## Brief
Please give an exact transcription of the lines below, from the one that contains "XS版 Pharrell x" to the very last, with no other lines.

Captioned web images:
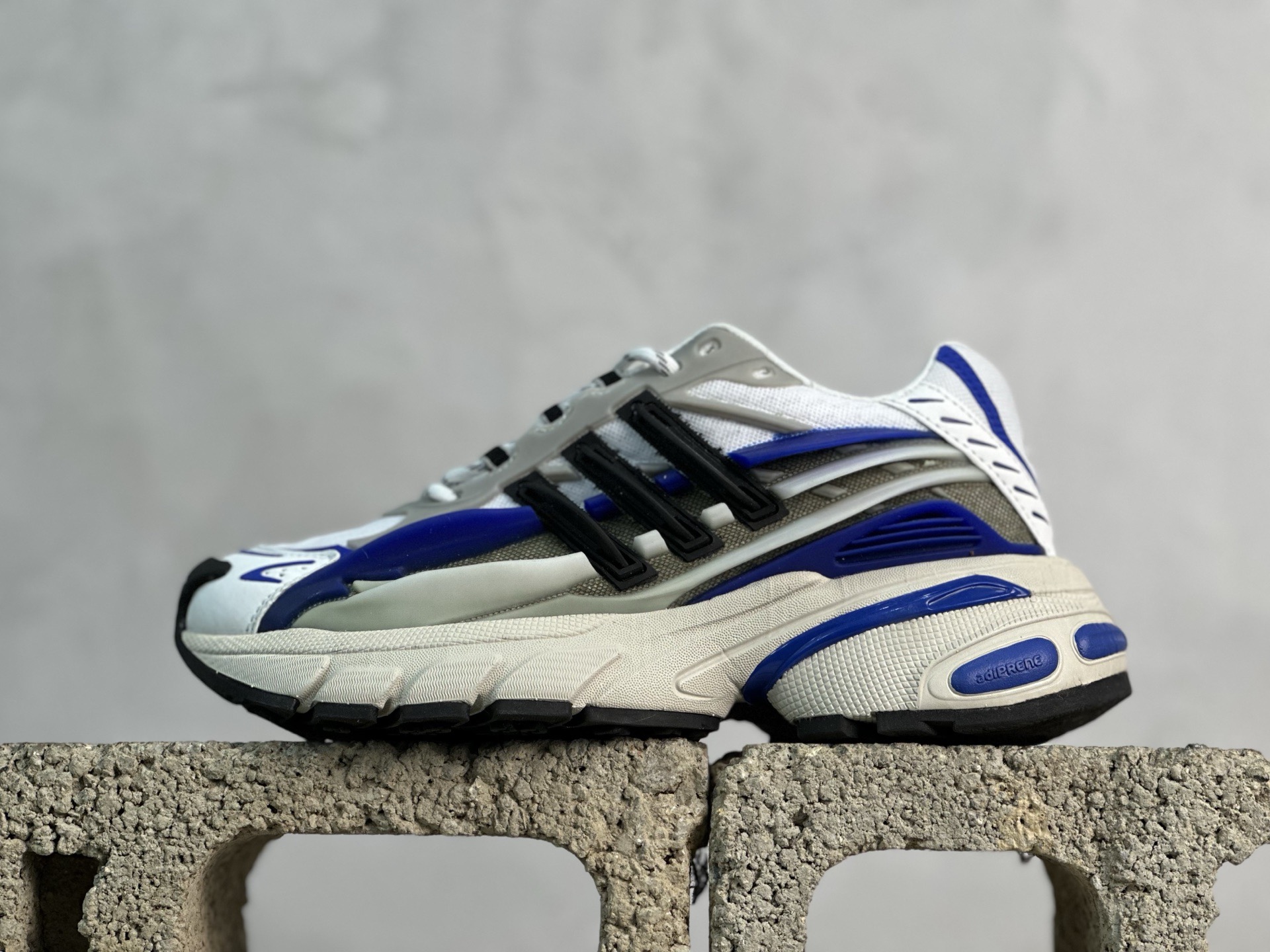 💰230 放店私
XS版 Pharrell x AD Adistar Jellyfish 联名款低帮复古风老爹鞋
未来科技感十足 以3D风格焕新演绎标志性三条纹 为造型添上点睛之笔 金属质感视觉效果TPU自带哑光反射 非常的细节 最大的亮点无疑是鞋屁股 大块的tpu包裹 让增高的大底不再突兀 更显腿长脚细 
货号：JP9263
尺码：36-47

## Expected answer
XS版 Pharrell x AD Adistar Jellyfish 联名款低帮复古风老爹鞋
未来科技感十足 以3D风格焕新演绎标志性三条纹 为造型添上点睛之笔 金属质感视觉效果TPU自带哑光反射 非常的细节 最大的亮点无疑是鞋屁股 大块的tpu包裹 让增高的大底不再突兀 更显腿长脚细 
货号：JP9263
尺码：36-47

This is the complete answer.